Minister of Education
- In office 30 August 2020 – 8 August 2023
- President: Bashar al-Assad
- Prime Minister: Hussein Arnous
- Preceded by: Imad al-Azab
- Succeeded by: Muhammad Amer Mardini

Personal details
- Born: 1958 (age 67–68) Damascus, Damascus Governorate, Second Syrian Republic
- Children: 5
- Alma mater: University of Leipzig University of Göttingen
- Profession: University Professor, Politician, Scientist, Civil servant

= Darem Tabbaa =

Syrian politician

Darem Tabbaa (دارم الطباع) (born 1958) is a Syrian veterinarian and politician. He was Education Minister from August 2020 until August 2023.

== Education ==
He graduated from Al Baath University as a veterinarian in 1981. He obtained a PhD in virology, epidemiology and public health in veterinary medicine from the University of Leipzig in 1988. He then earned a second PhD in tropical and subtropical animal hygiene from the University of Göttingen in 1998.

== Political career ==
He began working as an expert at the Athens World Health Organization (WHO) Center for Health and Environmental Science Education in the 1990s. From 2015 to 2019 he was Director of the National Center for Educational Curriculum Development. He was later named Assistant Minister of Education.

==Academic career==
He has been a college dean, and has run a number of international Syrian projects.
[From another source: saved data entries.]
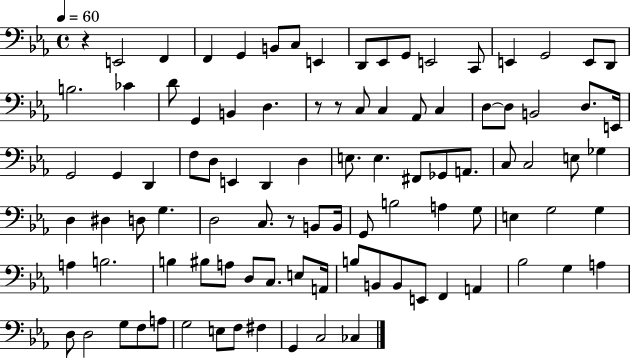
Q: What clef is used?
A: bass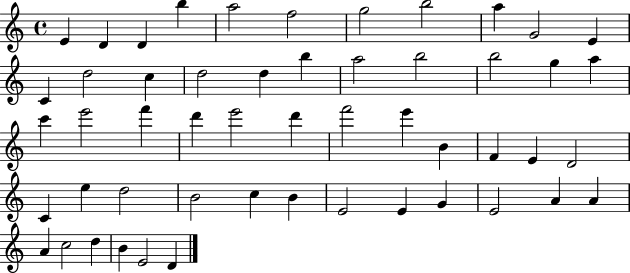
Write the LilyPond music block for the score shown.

{
  \clef treble
  \time 4/4
  \defaultTimeSignature
  \key c \major
  e'4 d'4 d'4 b''4 | a''2 f''2 | g''2 b''2 | a''4 g'2 e'4 | \break c'4 d''2 c''4 | d''2 d''4 b''4 | a''2 b''2 | b''2 g''4 a''4 | \break c'''4 e'''2 f'''4 | d'''4 e'''2 d'''4 | f'''2 e'''4 b'4 | f'4 e'4 d'2 | \break c'4 e''4 d''2 | b'2 c''4 b'4 | e'2 e'4 g'4 | e'2 a'4 a'4 | \break a'4 c''2 d''4 | b'4 e'2 d'4 | \bar "|."
}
After working at the central veterinary laboratory in Damascus, he held veterinary teaching positions in the 1980s and 1990s in Syria, and also research jobs. In 1989, he became a moderator for project planning with the German Technical Cooperation Agency (GIZ). He became a member at the executive board of the international society of animal hygiene in 1990. In 1991, he joined the editing board of the scientific journal of Al Baath University. He became director of the project for animal protection in Syria with the Society for the Protection of Animals Abroad in 1993. He has been a dean of veterinary medicine in Syria from 2005 to 2007.